Ian aside, Fort Myers is second to Naples for me.











www.cityftmyers.com

www.fortmyers.org

www.fortmyersbeachfl.gov

www.fmpolice.com

www.fortmyersfire.com

www.facebook.com/ftmyers/

www.twitter.com/cityftmyers

www.instagram.com/visitfortmyers/?hl=en

www.visitfortmyers.com

www.usharbors.com/harbor/florida/fort-myers-fl/

www.gulfcoasttowncenter.com

www.city-data.com/city/Fort-Myers-Florida.html

www.city-data.com/forum/fort-myers-cape-coral-area/3093237-fort-myers-named-2019-best-place-2.html

www.shopedisonmall.com

www.edisonfordwinterestates.org

www.calusanature.org

www.55places.com/florida/city/fort-myers

www.realtor.com/realestateandhomes-search/Fort-Myers_FL

www.uphomes.com/blog/moving-to-fort-myers-fl/

https://realestate.usnews.com/places/florida/fort-myers

www.wunderground.com/weather/us/fl/fort-myers

www.broadcastify.com/listen/feed/2825

https://en.wikipedia.org/wiki/Fort_Myers,_Florida


----------



## squatting dog (Nov 30, 2022)

Some parts of Fort Meyers were spared from the worst of the hurricane, but, Fort Meyers beach area is still pretty much in shambles.  I looked for stories from 2 hours ago, 1 day ago, and 2 days ago just to get an idea of how the re-build is going. Not well when you see the post office probably won't be open until Feb.  My first link with the slide screen sure does show the destruction. 

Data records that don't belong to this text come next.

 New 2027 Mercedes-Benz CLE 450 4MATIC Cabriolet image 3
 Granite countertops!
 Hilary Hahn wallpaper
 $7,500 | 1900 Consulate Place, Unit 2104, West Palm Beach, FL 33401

https://www.usgs.gov/media/before-after/section-fort-myers-beach-and-after-hurricane-ian

https://www.winknews.com/2022/11/30/downtown-fort-myers-post-office-to-return-in-february/

https://nbc-2.com/news/local/2022/1...-two-months-after-hurricane-ians-destruction/


----------



## Saph (Dec 1, 2022)

Thank you all for helping. Yesterday I spoke to someone who actually lives there. Not what media says, but actual experience. 
I now understand that this winter Fort Myers is not someplace I want to visit.
Not the right conditions for a long or even a short visit.

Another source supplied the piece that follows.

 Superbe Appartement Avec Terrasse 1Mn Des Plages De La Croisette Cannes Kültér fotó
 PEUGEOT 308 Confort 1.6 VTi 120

I will try again for next winter.


----------



## Manatee (Dec 1, 2022)

You could come further up the coast, Ian swung around us and all we had was a lot of rain and a bit of wind.


----------



## Manatee (Dec 3, 2022)

Up here in Pinellas county the county publishes maps with the evacuation zones and elevation shown.  This is a good tool for buying where it is high and dry.  I expect the other coastal counties probably publish similar materials.


----------